Book Review for the church bulletin:

“Mary Jones and her Bible” by Mary Ropes

This is the story of a young Welsh girl, Mary Jones, who lived in a small village in north west Wales at the end of the eighteenth century.

Mary was raised in a godly but poor family. Her father, a weaver, couldn’t afford to buy a Bible for the family but he did teach them the stories from the Bible that he had heard and could remember. That created in Mary a desire to know more and more about the Bible. Unfortunately, the only Bible available to her was lodged in a farm two miles away… a long walk for an 8 year old girl!

So Mary began to long for her own Bible, but they were so expensive. But she was determined and began to work at small jobs here and there and to save her money. Asked how she managed to have enough to buy a Bible, Mary responded, “I worked and saved for six years. I minded children. I did mending for neighbours. I picked sticks. I kept chickens – oh, I did everything I could to save enough.”

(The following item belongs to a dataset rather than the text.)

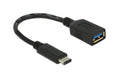 Delock USB3.1 Adapter A-Buchse-TypC Stecker 0.15m, 5Gbps, Gen1, schwarz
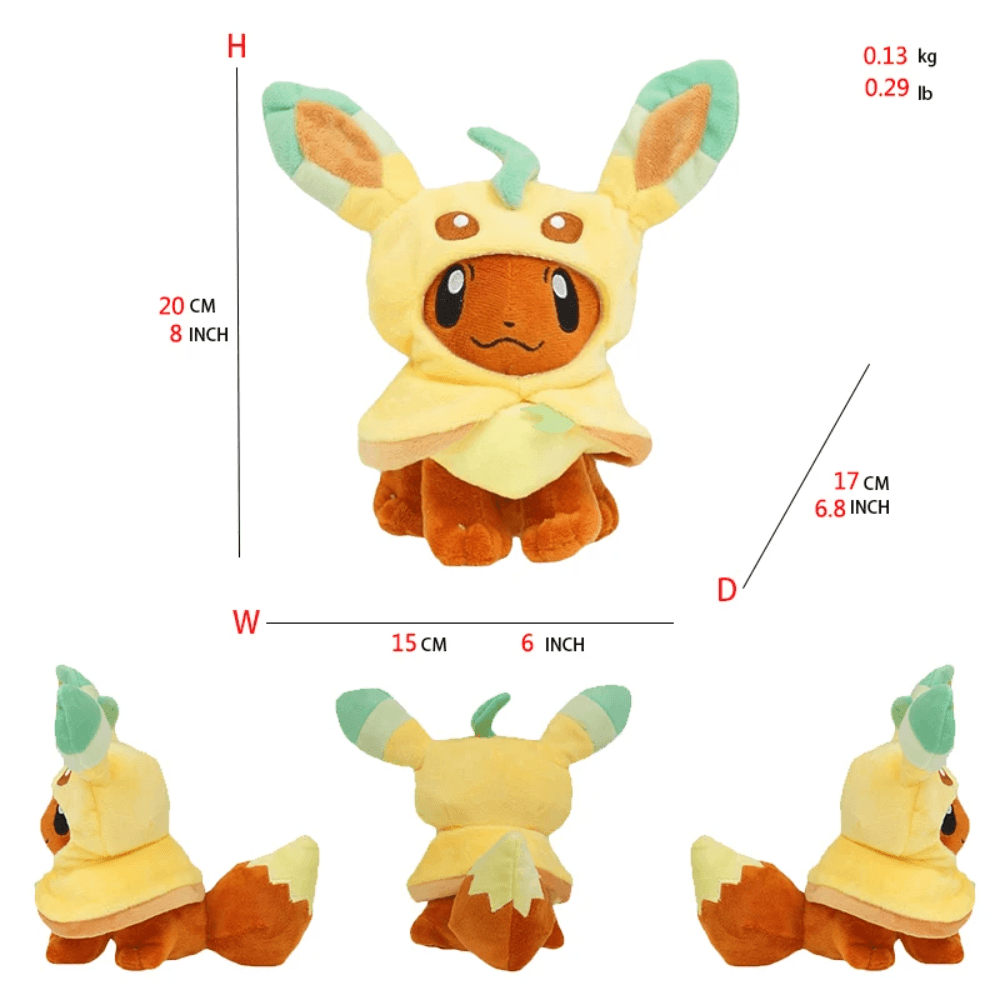 Pokemon Plush - 8 inch Eevee Plush Leafeon Hooded Cosplay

Then began the next difficult phase. There were no Bibles on sale in her village but, having being told that they could be purchased from a Reverend Thomas Charles in Bala, Mary determined to walk the 25 miles to purchase one with her hard earned savings. As a 15 year old, she set out alone on the difficult walk through the rugged terrain, full of anticipation.

Eventually she found her way to the home of the reverend and, after relaying her story, was devastated to hear him say, “I have not one. There are two or three Bibles in that bookcase that are promised to others. I have none to spare.” I’ll leave you to read the book and find out the outcome of the story.

Although we don’t know how many of the story’s details are true, nonetheless, Mary Jones greatly inspired Thomas Charles. He used her story to persuade the Religious Tract Society to set up a new organisation, the British and Foreign Bible Society, to supply Bibles in Wales and which has distributed Bibles across the world ever since.

Read this story for yourself, read it to your children, give the book as a present, and let this young girl inspire us to hunger and thirst for God’s word as she did.